KLB dalam program MBG terus bergulir di berbagai wilayah seperti yang terjadi di kota Bandung ratusan orang keracunan usai menyantap makanan dari program Makan Bergizi Gratis. 

Jaringan Pemantau Pendidikan Indonesia (JPPI) mencatat sekitar keracunan MBG 31 Oktober 2025 mencapai 16.109 orang, jumlah ini adalah angka yang sangat besar. Dengan catatan Oktober menjadi bulan dengan jumlah tertinggi korban 6238 orang (NU.online, 4/11/2025).

Terjadinya kasus keracunan di Bandung Barat diduga 75% karena kualitas air yang buruk hal ini diungkapkan oleh Dadan saat Rapat Koordinasi SPPG dan Mitra MBG di Hotel Mansion Pine, Kota Baru Parahyangan, Padalarang, Sabtu(BANGBARA.COM,1/11/2025).
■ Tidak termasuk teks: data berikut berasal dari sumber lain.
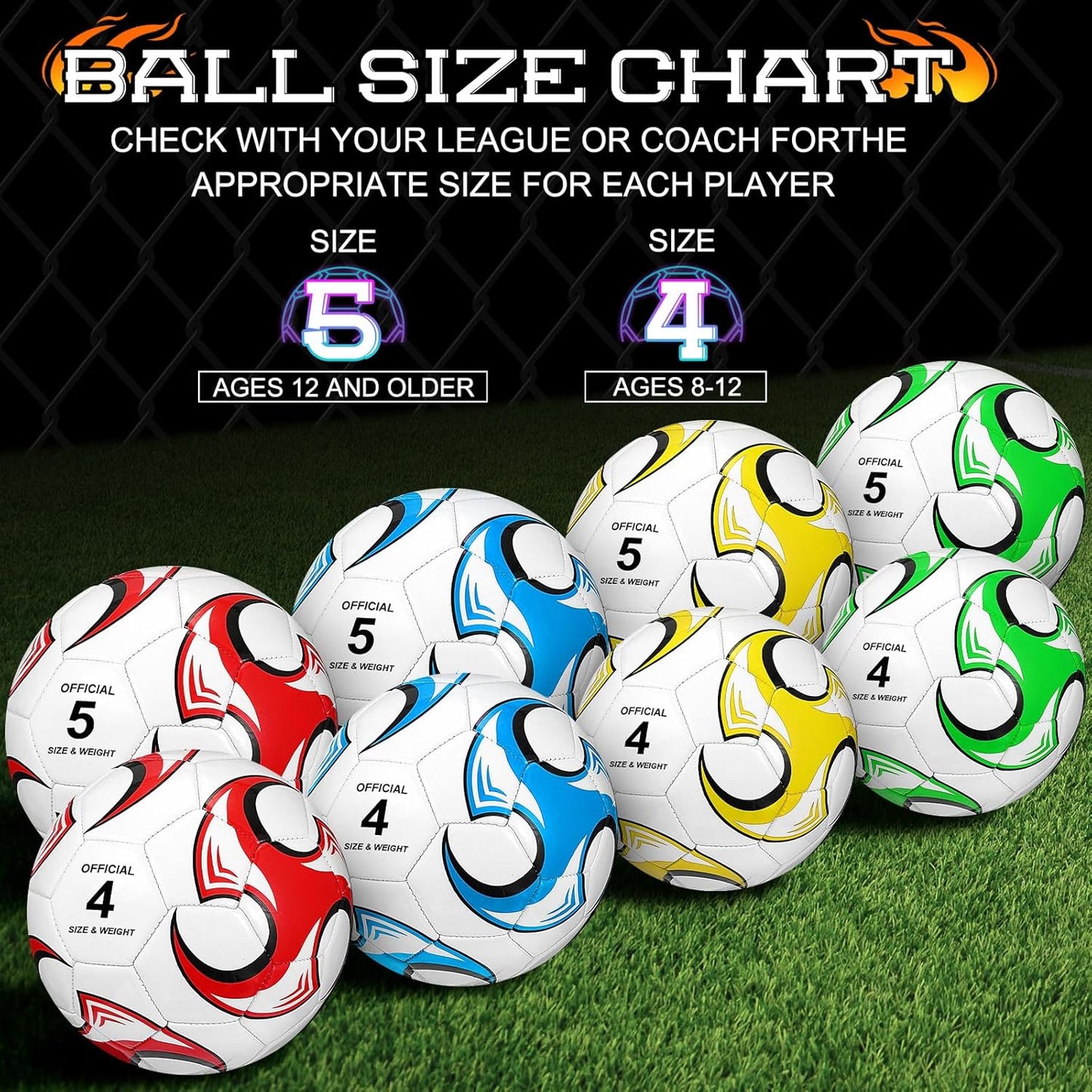 Lenwen 12 Pcs Soccer Balls with Pump Bulk Official Size 5 4 3 Kids Teen Adult Indoor Outdoor Sports Soccer Ball Toddler Youth Gift for Training Game Practice Christmas Operation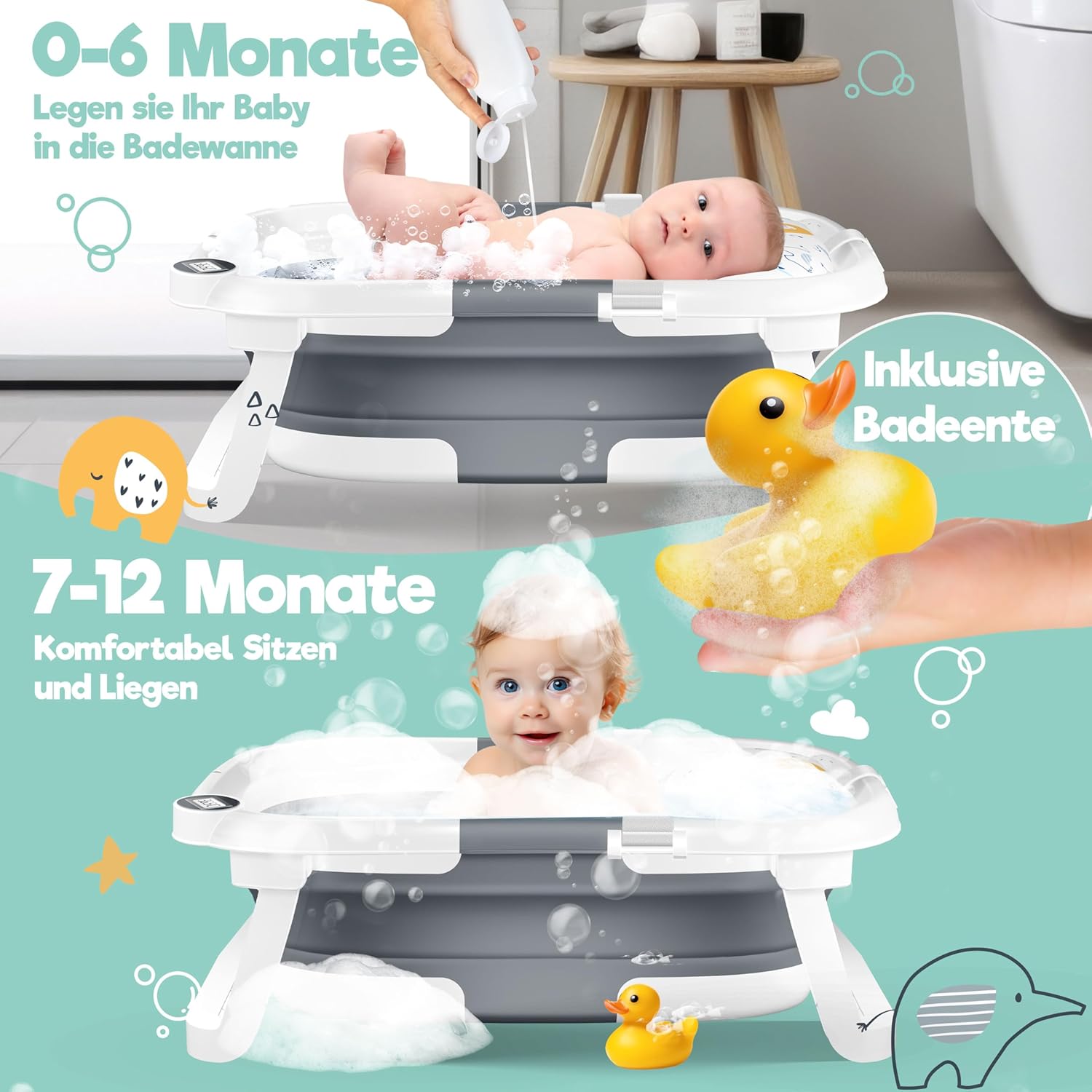 KIDIZ® Babybadje, ruimtebesparend en opvouwbaar, badje, douchebak voor pasgeborenen en peuters, 0-24 maanden, reisdouche, draagbaar, voor baby's, ergonomisch met thermostaat en kussen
Fenomena ini membuat kita bertanya apa saja penyebab terjadinya KLB keracunan MBG? 

1. Kontaminasi mikrobiologis ( bakteri, virus, jamur) 
2. Toksin alami atau kimia dalam bahan pangan
3. Pemilihan bahan pangan yang kurang aman
4. Proses pengolahan dan penyimpanan yang tidak higienis
5. Distribusi dan waktu penyajian yang panjang atau tidak tepat
6. Kapasitas dan skala produksi besar tanpa kontrol mutu
7. Pengawasan, manajemen standar, dan SDM yang kurang memandai. 

Banyaknya kasus keracunan program MBG telah memicu kekhawatiran para orang tua di seluruh wilayah Indonesia. Karena mereka takut anaknya menjadi korban. Akibatnya para orang tua wabil khusus para ibu mengusulkan  agar program ini dihentikan. Mirisnya sikap pemerintah dan  penjabatnya  sibuk saling menyalahkan dan mencari kambing hitam. Sekalipun permintaan maaf sudah dilakukan oleh Mensesneg Prasetyo Hadi pada tanggal 20 September 2025 bahwa terjadinya peristiwa keracunan bukanlah sesuatu yang diharapkan. Namun, masyarakat tidak melihat bukti konkret adanya langkah agar peristiwa ini tidak terus terjadi. Karena hingga saat ini terus terjadi. 

Bisa ditelaah  kasus keracunan dari MBG dan terus terjadi karena adanya asas manfaat dari penerapan kebijakan yang syarat kepentingan seperti keuntungan usaha dan keuntungan pamor penguasa yang terlanjur menjadikan program utama saat kampanye. 
Tak heran jika kemudian program ini terus berlanjut sekalipun korban berjatuhan. Asas manfaat yang dijadikan sandaran mengakibatkan tidak mempedulikan bagaimana kondisi generasi ini. Jika memang peduli tentu program ini seharusnya dihentikan dan dialihkan ke hal yang penting seperti untuk kesejahteraan guru honorer, sarana pendidikan atau yang lainnya. 

MBG bukanlah Solusi 

Sebagaimana kita pahami adanya program ini adalah untuk mengatasi gizi buruk. Padahal sesungguhnya untuk pemenuhan gizi adalah negara menjamin kebutuhan hidup sehari-hari. Selain itu, menciptakan lapangan kerja yang luas dengan gaji yang layak sehingga mampu memenuhi gizi keluarganya. Namun faktanya sistem yang digunakan negara ini berpijak pada sistem kapitalis sekuler. Negara hanya fokus pada pencitraan bukan fokus pada pemenuhan kebutuhan rakyat. Bahkan negara tunduk terhadap para kapitalis yang mengendalikan kebijakan penguasa. 

Islam kafah Mampu Menuntaskan Gizi Buruk Rakyat

Sistem Islam merupakan sistem yang paripurna termasuk penuntasan gizi buruk masyarakat. Mekanisme Islam sangatlah lengkap di antaranya:

a. Terjaminnya kebutuhan pokok per individu masyarakat secara layak. 
b. Negara membuka lapangan kerja seluas-luasnya bagi rakyatnya. 
C. Politik APBN syariah yang menyediakan fasilitas pendidikan dan MBG nya. 
d. Penguasa yang adil dan tidak melahirkan penguasa populis. 

Walhasil hanya dalam sistem Islam kafah saja yang mampu menuntaskan kasus MBG. Tidak ada lagi keracunan apalagi penguasa yang abai.